Mohammed Abdalla Swazuri, the head of National Land Commission, and managing director of the Kenya Railways Corporation, Atanas Kariuki Maina, were among 18 other officials, businesspeople and firms named in a statement listing arrests that was released by the prosecutor’s office on Saturday.

However, no Chinese companies were named in the prosecutor’s statement.

Opposition leaders and Kenyan economists have already lambasted the railway’s huge funding for increasing the country’s debt burden, which the IMF estimated at between 54 and 55 percent of economic output (GDP) in the 2017-18 fiscal year.

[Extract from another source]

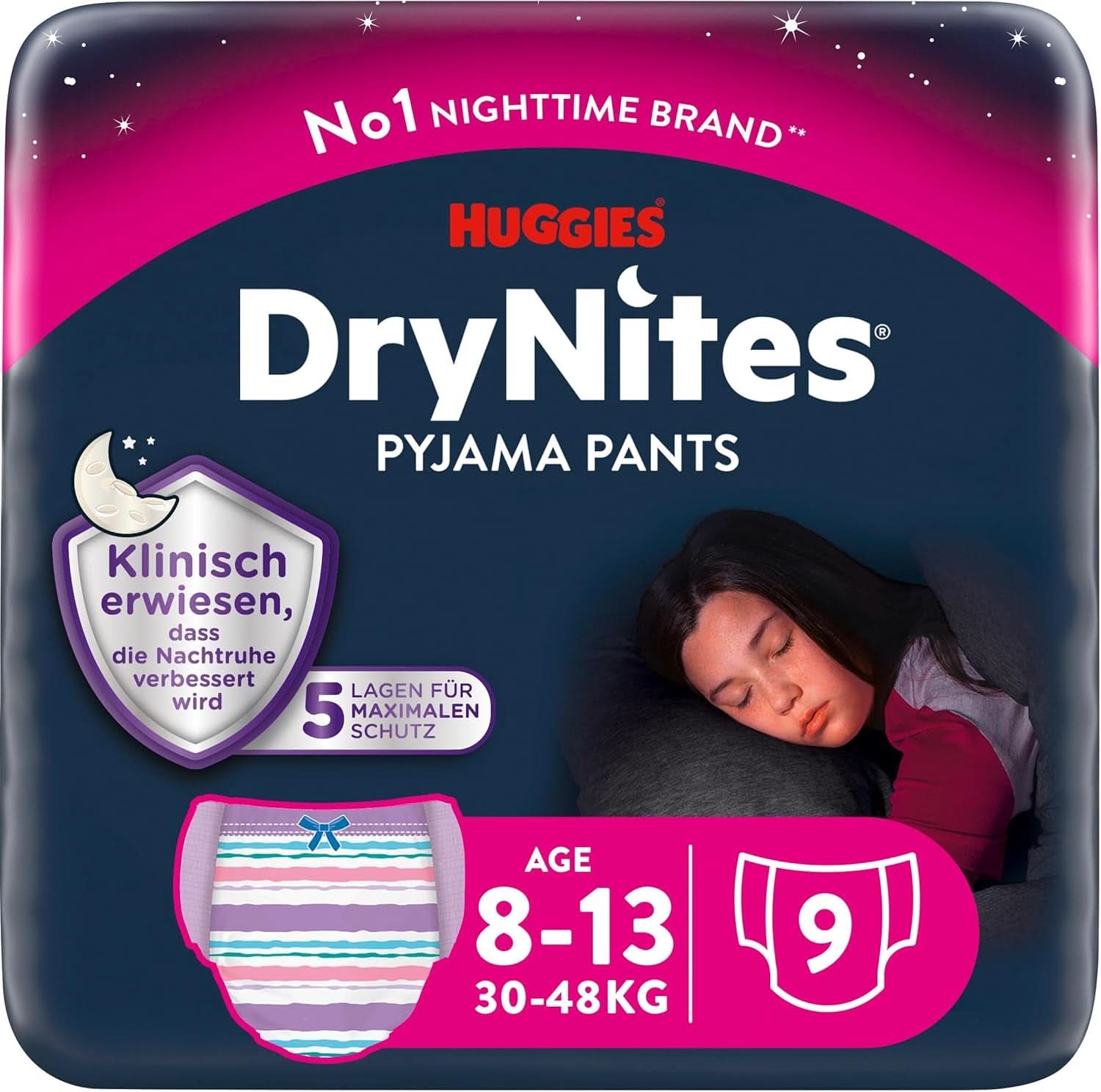 Pieluszki nocne Huggies Drynites, Dla dziewczynki 8-13 lat (30-48 kg), Bardzo chłonne, 9 szt. Matka i Dziecko Naty Shop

According to the country’s anti-corruption agency, the officials siphoned taxpayer money through phony compensation claims for land used for the railway. But the agency did not clarify who made the allegations.

President Kenyatta has vowed to deal with those “caught in the web of corruption.” In 2013, when he was elected for the first time, he pledged to stamp out corruption.

Back in May, several other corruption scandals were revealed. In one case, multi-million-dollar contracts were reportedly awarded to the friends and family members of employees at the electricity supplier Kenya Power.

In another case, fraudulent payments of 30 million dollars were uncovered at the National Cereals and Produce Board (NCPB).

Back in 2016, the then head of Kenya’s anti-graft agency said the county was losing a third of its state budget to corruption every year. The finance ministry disputed the claim, but Kenyatta acknowledged that corruption had reached levels that threatened national security.

Kenya, the sixth poorest country in Africa, fell to the 143rd rank among 180 countries in Transparency International’s annual corruption index for last year.